Les soldats israéliens, qui tuent, par centaine et à tout bout de champ, des civils Palestiniens, ne font que nourrir le ressentiment à leur encontre. Un ressentiment qui évidemment ne faiblit pas avec le temps surgissant à tout moment. Et qui, à la différence de la haine, est « rationalisé » et « ruminé », pour ainsi dire, constamment. Et au lieu de disparaître, il augmente donc avec les années et agit comme ces couches de la terre superposées et que le temps ne fait que solidifier.
« Comme une blessure jamais cicatrisée, transmise de génération en génération et qui, par effet d’accumulation, en vient à donner sens à l’histoire de toute une classe sociale, de tout un peuple. Le ressentiment agit à la manière d’un « explosif ».
Voici ce qu’écrit Marc Ferro, dans son livre “Le Ressentiment dans l’histoire. Comprendre notre temps“ (Paris : Odile Jacob, 2007, 226 pages). Un ressentiment « qui fait les révoltes, les révolutions et les guerres », assure le philosophe français.
« Je veux tuer le plus de musulmans »
Un ressentiment qui est aussi sans doute l’un des deux faits caractéristiques de la guerre qui se déroule, depuis le 7 octobre 2023, sous nos yeux à Gaza. Avec, pour le second fait, l’entrée définitive de l’Iran dans la région. Au fait, Israël et ceux qui la soutiennent auront, avec la guerre de Gaza, atteint le contraire de l’objectif visé. Un ressentiment qui ne faiblit pas, avec le temps surgissant à tout moment. Et qui, à la différence de la haine, est « rationalisé » et « ruminé » pour ainsi dire constamment. Et au lieu de disparaître, il augmente avec les années et agit comme ces couches de la terre superposées et que le temps ne fait que solidifier.

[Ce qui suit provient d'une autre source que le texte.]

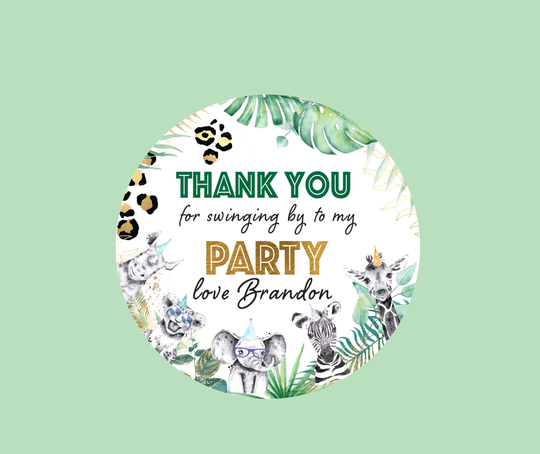 Safari Animals Thank You Stickers Wild One Jungle Zoo Round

On se souvient de cette « prophétie » de l’ancien Premier ministre israélien, David Ben Gourion, concernant les Palestiniens : « Les vieux mourront et les jeunes oublieront ». Force est de constater que cela n’a pas marché. Bien au contraire. Les faits le montrent tous les jours. N’a-t-on pas du reste remarqué que nous sommes passés en moins de cinquante ans -1978- d’une Intifidha des « enfants de la pierre » à une véritable guerre avec des hommes en armes qui continuent à tenir en haleine ce que l’on a considéré comme l’une des plus importantes armées du monde ? Preuve s’il en est que le ressentiment a fait son effet.
« Bulles médiatiques »
Et personne ne peut savoir ce à quoi cela pourrait aboutir. Certainement des évolutions en défaveur de ceux qui en sont à l’origine. Un journaliste du Nouvel Observateur avait rapporté ces propos d’un milicien serbe, au plus fort de la guerre du Kosovo en 1998-1999, opposant l’armée yougoslave à l’Armée de libération du Kosovo : « Je veux tuer le plus de musulmans pour me venger de la mort de l’un de mes aïeux par les Ottomans…au XVème siècle.

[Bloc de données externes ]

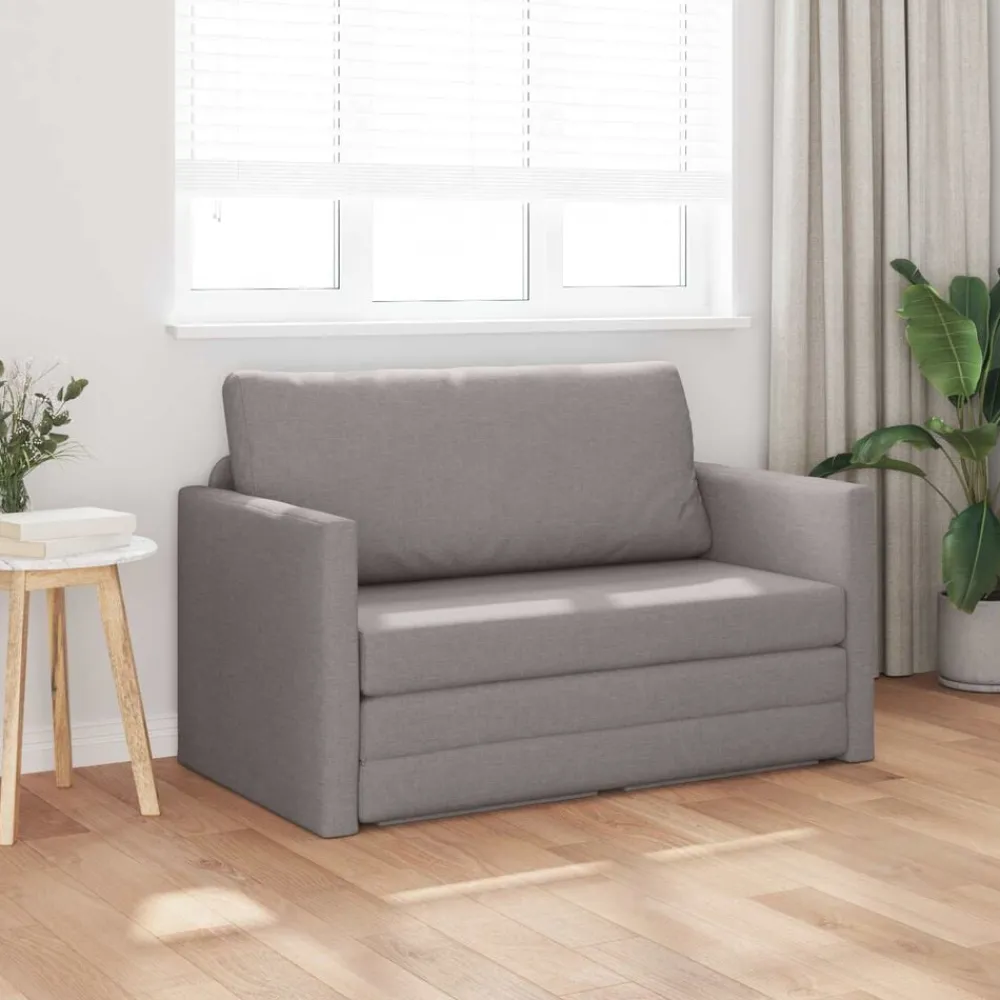 Banken*vidaXL Slaapbank 110cm Stof Taupe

Comme le crime n’aboutit à rien. Les morts civils tombés dans les conflits ne font que renforcer le ressentiment de la population et renforcer leur adhésion pour les combattants. Les Etats-Unis d’Amérique ont bien tué près de deux millions de civils au Vietnam. Ils ont fini, après vingt ans (1955 à 1975) de guerre, de quitter le Vietnam.

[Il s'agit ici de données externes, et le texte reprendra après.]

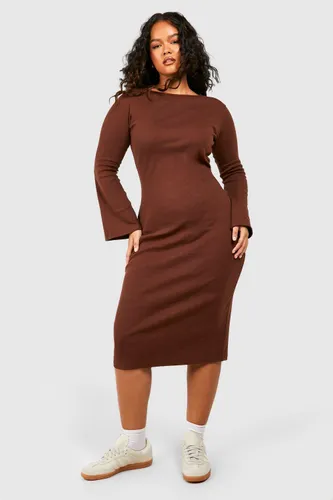 Womens Plus Rib Flare Sleeve Midi Dress - Brown - 16, Brown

Et il va sans dire que les médias n’en finissent pas d’entretenir la flamme du ressentiment. En rappelant à chaque guerre des faits anciens, les médias sont, pour ainsi dire, une arme contre l’oubli. Notamment lorsqu’il y a insistance avec ces « bulles médiatiques » et « circulation circulaire de l’information », évoquées par bien des académiciens rompus aux sciences de la communication, devenues des comportements saillants de nombre de médias. Lorsque tous les médias s’y mettent pour raconter des événements.
« La petite fille au napalm »
Observez du reste bien les photos de la guerre du Vietnam. Ne sont-elles pas restées pour toujours dans la mémoire de plus d’un à travers le monde ? L’une d’entre elles (datant de 1972) et que nous reproduisons dans cet article participe encore de ce ressentiment anti-américain (une étude récente, en décembre 2022, l’a montré), dans nombre de contrées vietnamiennes. Appelée « La terreur de la guerre » ou « La petite fille au napalm », on y voit une petite fille en pleurs, fuir en compagnie d’autres enfants, après un bombardement.
Voici ce que dit cette étude : « Cinquante ans plus tard, la photo de “La petite fille au napalm“ continue à faire le tour de la planète. La puissance du message qu’elle fait passer continue d’interpeller l’opinion publique mondiale, qui ne peut rester insensible face aux visages terrifiés de ces enfants ».